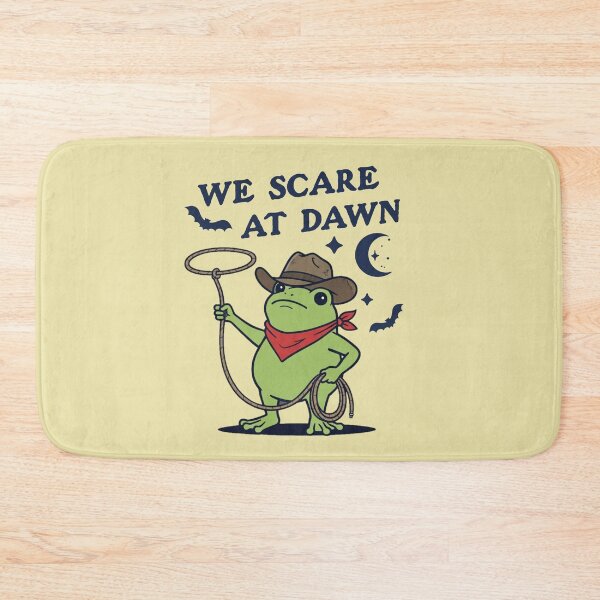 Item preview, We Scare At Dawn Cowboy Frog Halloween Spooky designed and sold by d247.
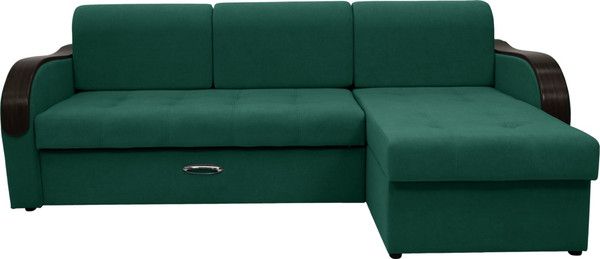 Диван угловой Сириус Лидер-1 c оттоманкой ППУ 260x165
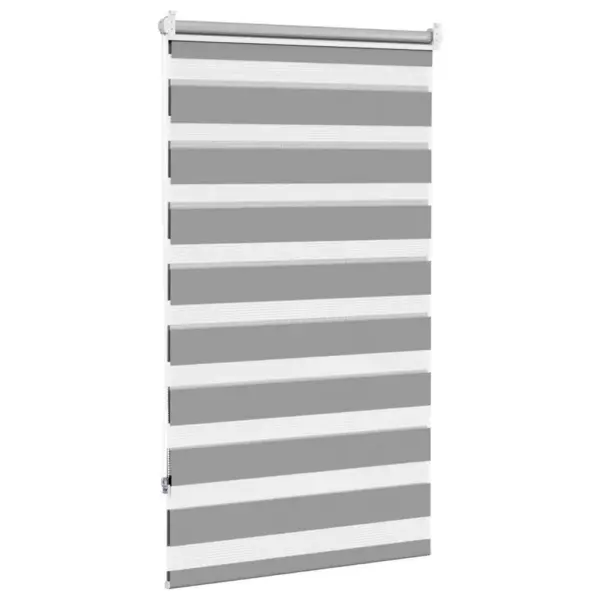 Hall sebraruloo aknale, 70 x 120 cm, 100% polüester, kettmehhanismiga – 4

----------------

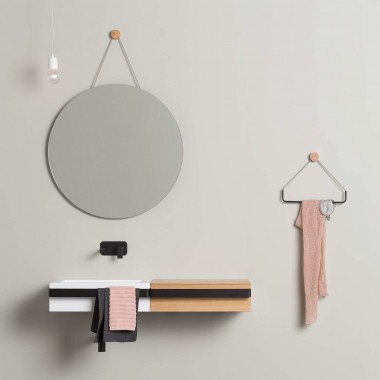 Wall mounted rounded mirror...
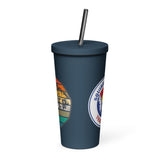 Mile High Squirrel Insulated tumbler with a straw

----------------

→ Work instructions: With the pictures removed from your copy, retype the lines above from the one that contains "Диван угловой Сириус" through the one that contains "Hall sebraruloo aknale, 70", exactly.

→ Written answer:
 Диван угловой Сириус Лидер-1 c оттоманкой ППУ 260x165
 Hall sebraruloo aknale, 70 x 120 cm, 100% polüester, kettmehhanismiga – 4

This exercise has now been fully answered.